DESCRIPTION OF THE TASK: Word for word, restate the lines of the listing below from the line with "YESHOMY Mid-Century Accent" through the line with "Makeup Bag Large", and do not include the pictures.

INFORMATION GIVEN:
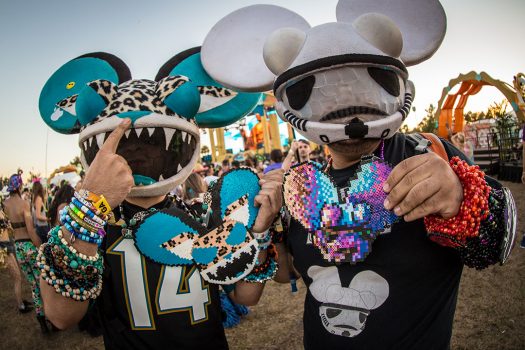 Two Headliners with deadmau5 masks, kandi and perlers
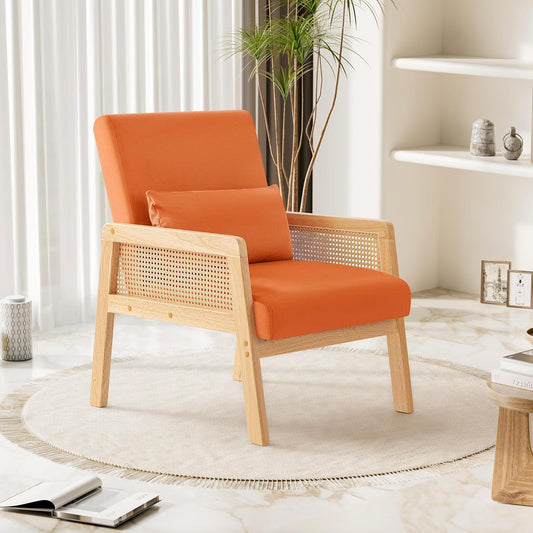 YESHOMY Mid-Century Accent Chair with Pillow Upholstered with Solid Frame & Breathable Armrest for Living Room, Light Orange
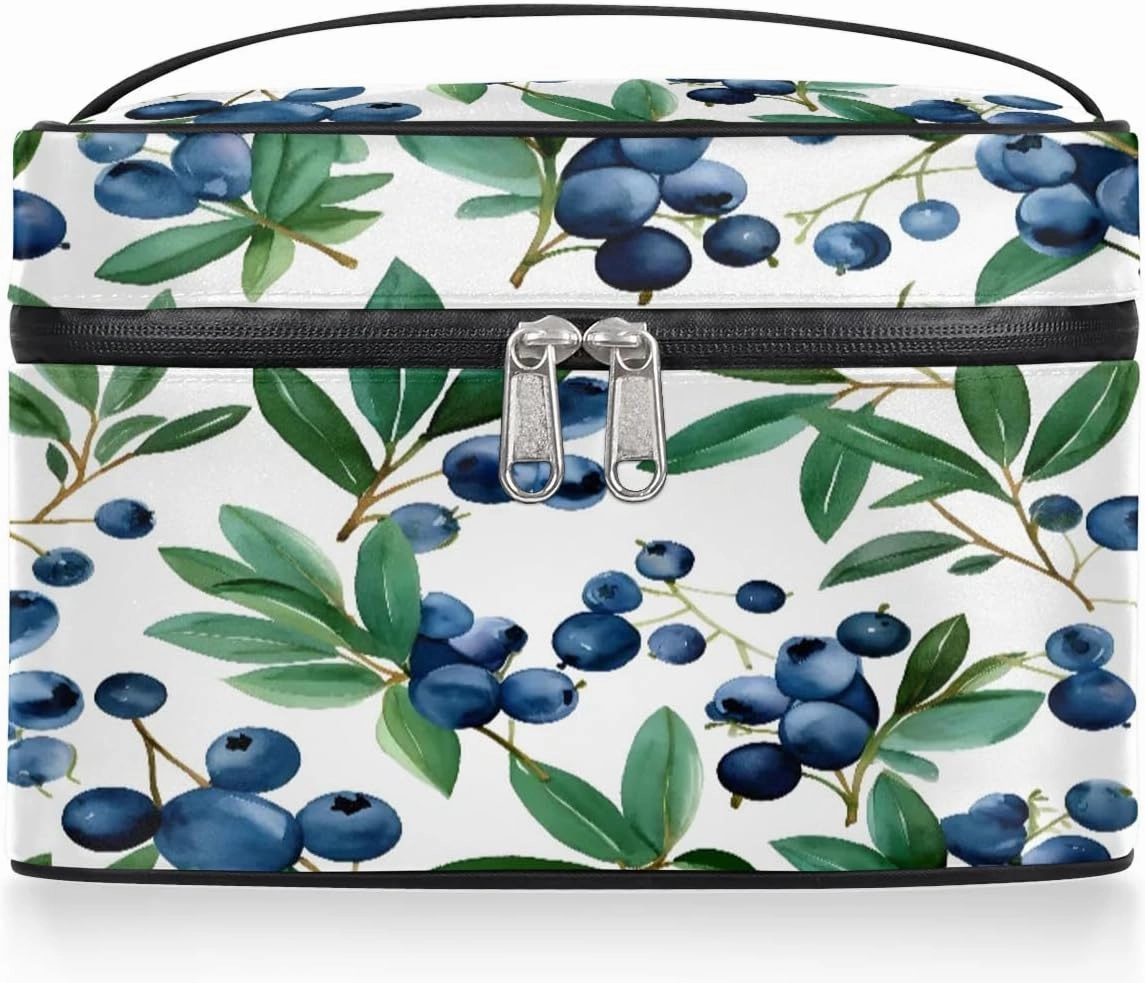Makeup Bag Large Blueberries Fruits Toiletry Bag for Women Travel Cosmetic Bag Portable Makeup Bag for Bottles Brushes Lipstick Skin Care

* * *

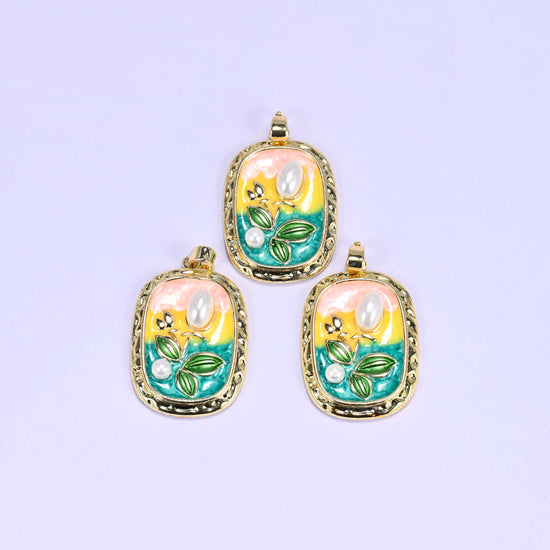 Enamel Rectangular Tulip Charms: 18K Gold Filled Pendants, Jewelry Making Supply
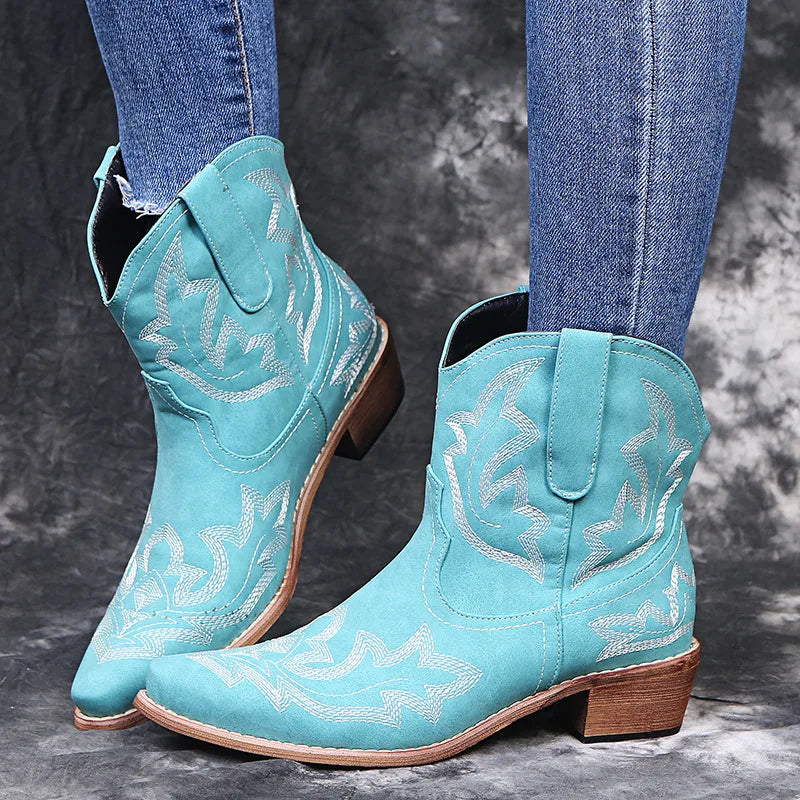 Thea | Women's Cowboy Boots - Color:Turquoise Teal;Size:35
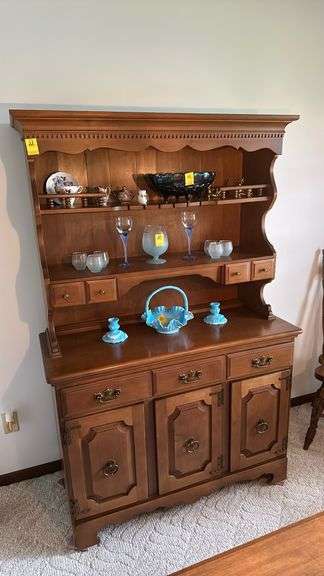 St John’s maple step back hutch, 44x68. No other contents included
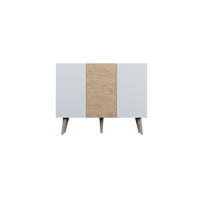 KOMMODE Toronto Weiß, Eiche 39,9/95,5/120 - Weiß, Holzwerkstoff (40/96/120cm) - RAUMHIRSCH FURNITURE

* * *

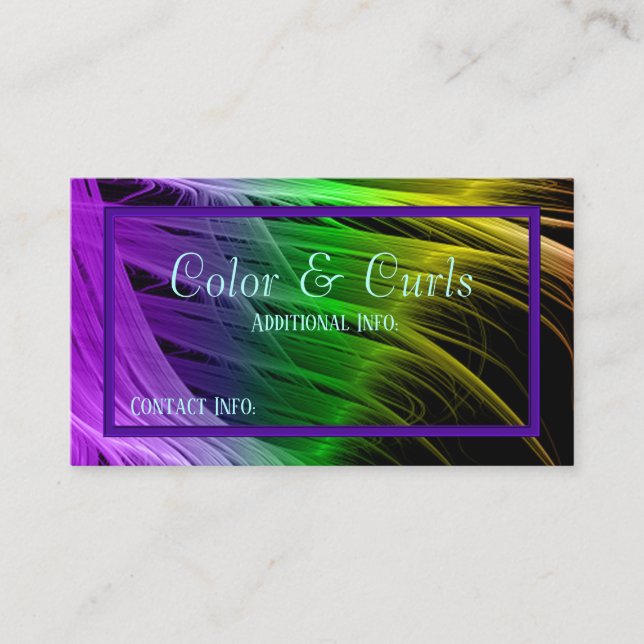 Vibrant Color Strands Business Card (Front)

RESPONSE FOR THIS EXERCISE:
 YESHOMY Mid-Century Accent Chair with Pillow Upholstered with Solid Frame & Breathable Armrest for Living Room, Light Orange
Makeup Bag Large Blueberries Fruits Toiletry Bag for Women Travel Cosmetic Bag Portable Makeup Bag for Bottles Brushes Lipstick Skin Care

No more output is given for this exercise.